▸ WHAT TO WORK ON
Begin at the line that holds "een patio met" and copy each line exactly until the data below ends, including that last line but no pictures.

▸ RECORDED DATA
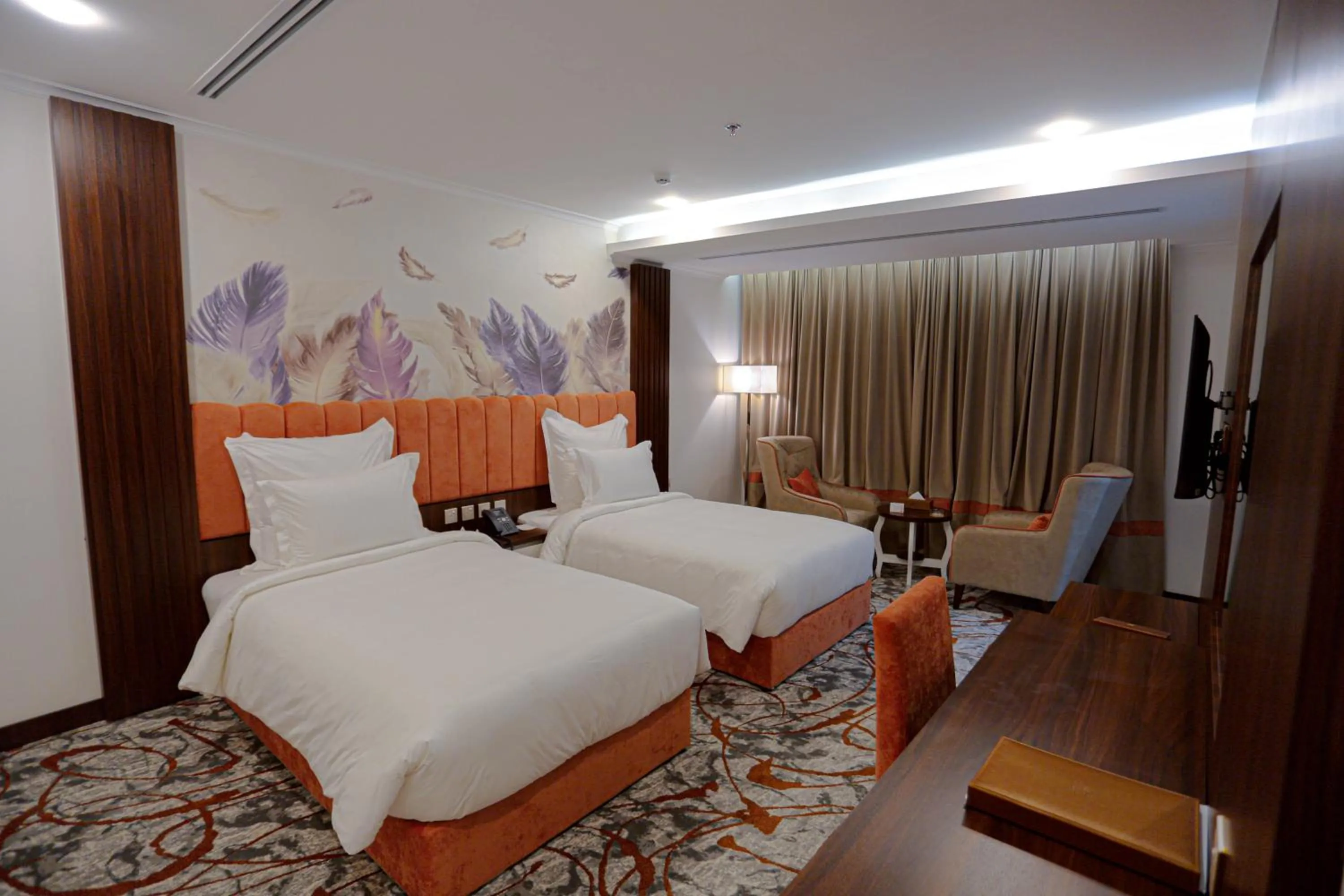 Bed in Tulip Plaza By LPC Hotels & Resorts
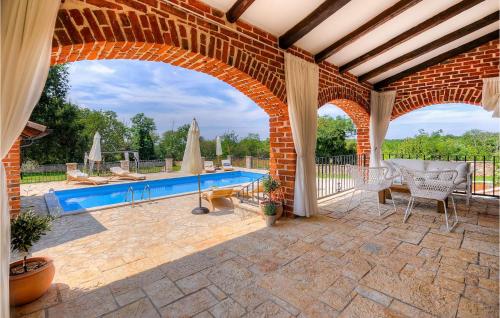 een patio met een zwembad en een boog bij Villa Oxalis in Poreč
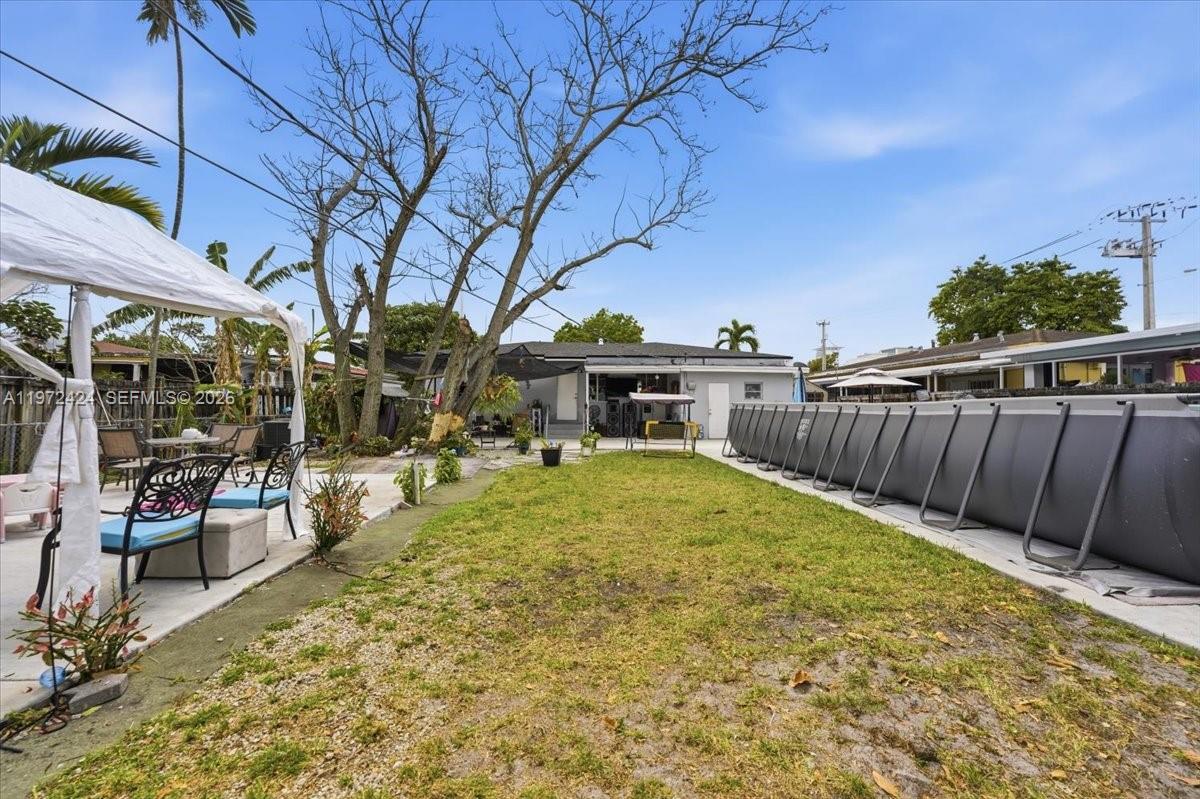 511 East 27th Street Hialeah, FL 33013 - Photo 20 of 24 a view of a backyard with sitting area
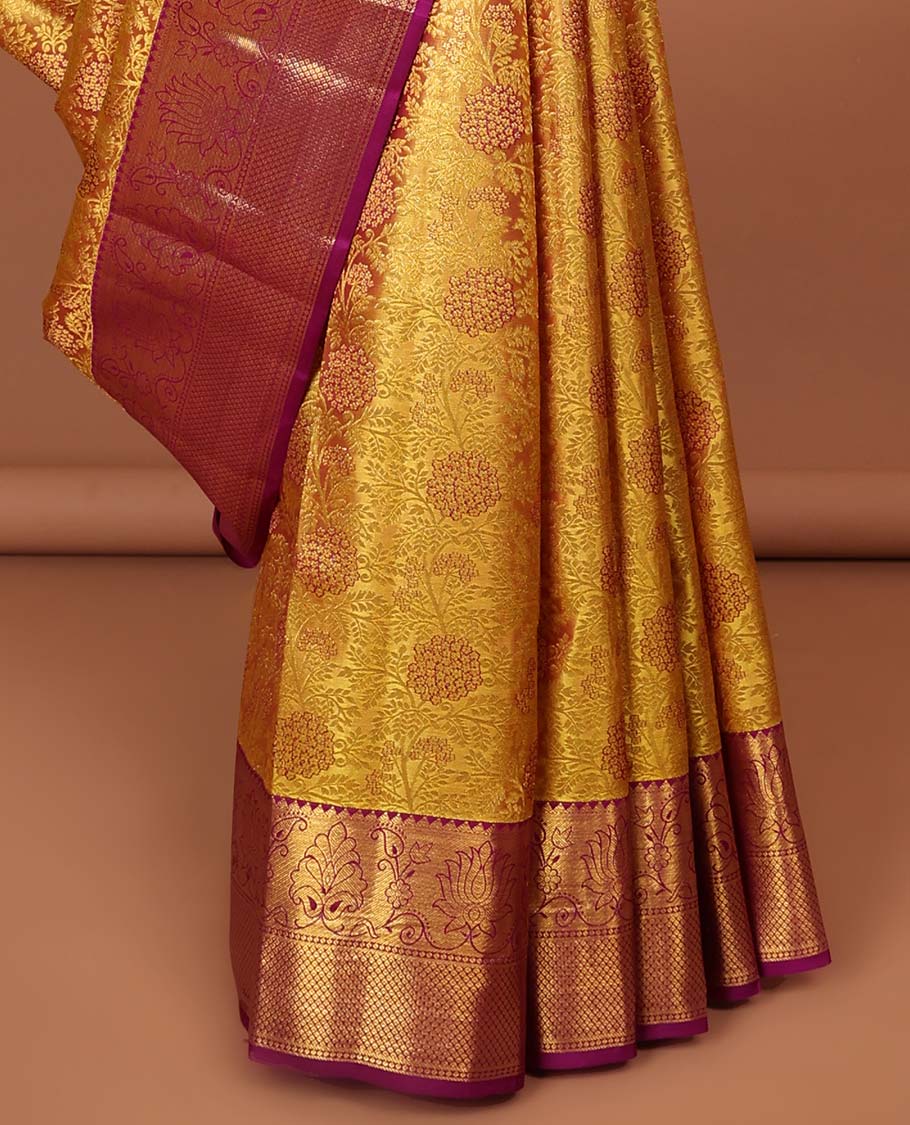 Yellow floral design kancheepuram silk saree with contrast floral zari border & ogee zari design pallu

▸ SOLUTION
 een patio met een zwembad en een boog bij Villa Oxalis in Poreč
 511 East 27th Street Hialeah, FL 33013 - Photo 20 of 24 a view of a backyard with sitting area
 Yellow floral design kancheepuram silk saree with contrast floral zari border & ogee zari design pallu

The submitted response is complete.